Neal | December 16, 2016
Hey Housing Insights team!
Thanks for everyone that came last night! All the sketches from last night have been scanned and I’ve put them in the ‘/mockups’ folder in our Github repo. You can view them on the Github website (the dec15-hacknight.pdf file is the file with all of last nights ideas.
As I said last night, our next step is to sift through these ideas, and turn them into a clear plan of what to build for our first prototype. Based on the Doodle poll, we will do this at a design session on Tuesday, Dec. 20, 6:30-9:00 at the NY Code and Design Academy (*tentatively confirmed). For ongoing work in the month of January, I’m proposing splitting the group into 4 teams (see descriptions below).
How you can participate:
1) [Most important] Tell me whether or not you plan to come on Tuesday. At the same time, tell me which team(s) you are interested in joining. Take 1 minute to fill in your preferences on this sheet.
**More stuff: **
2) Draw more one-page design ideas before our Tuesday meeting, like the ones we did last night. Scan them or take a picture and add them to this Github issue.
3) Explore our data.
Port: 5432
Don’t know how to use this? We can help you get set up next time. Also, please don’t drop our tables :)
Thanks! I hope to see many of you on Tuesday; if you can’t make it or just want to wait to see the plan, I’ll be in touch re: teams before the new year.
Prototype Team:
We’ll use Google Slides and Tableau to make a fake (but real-looking) version of our proposed design, or potentially 2-3 different versions.
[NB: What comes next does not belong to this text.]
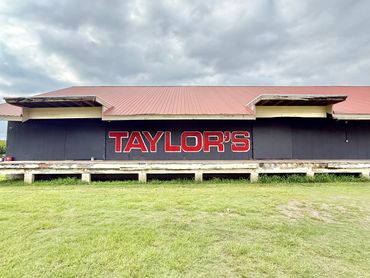 Exterior of a building with a red roof and 'TAYLOR'S' sign.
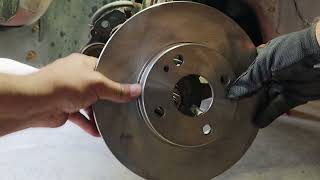 2002 Ford Escort brake rotors and pad replacement.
We’ll show this to some affordable housing users and watch their interactions with it.
General Data Team:
Responsible for wrangling and locating our data sources, making sure we can link them, and writing Python / SQL code to analyze them. Also can do some data exploration to find interesting stories.
Location Data Team:
Writing code to do spatial-analysis related data. For example, this team would start working on putting affordable buildings on a map and calculating the distance to public transit, or find the other buildings within X miles. Most likely will do this client-side via Mapbox GL JS and the Directions API (open to alternatives), but could also use Python SDK if it makes sense.
Javascript/D3 Team:
Setting up the core structure of our main page code. For now this will focus on the nuts-and-bolts part of the project that we will use no matter what the design, learning about using D3, and how we connect to our data.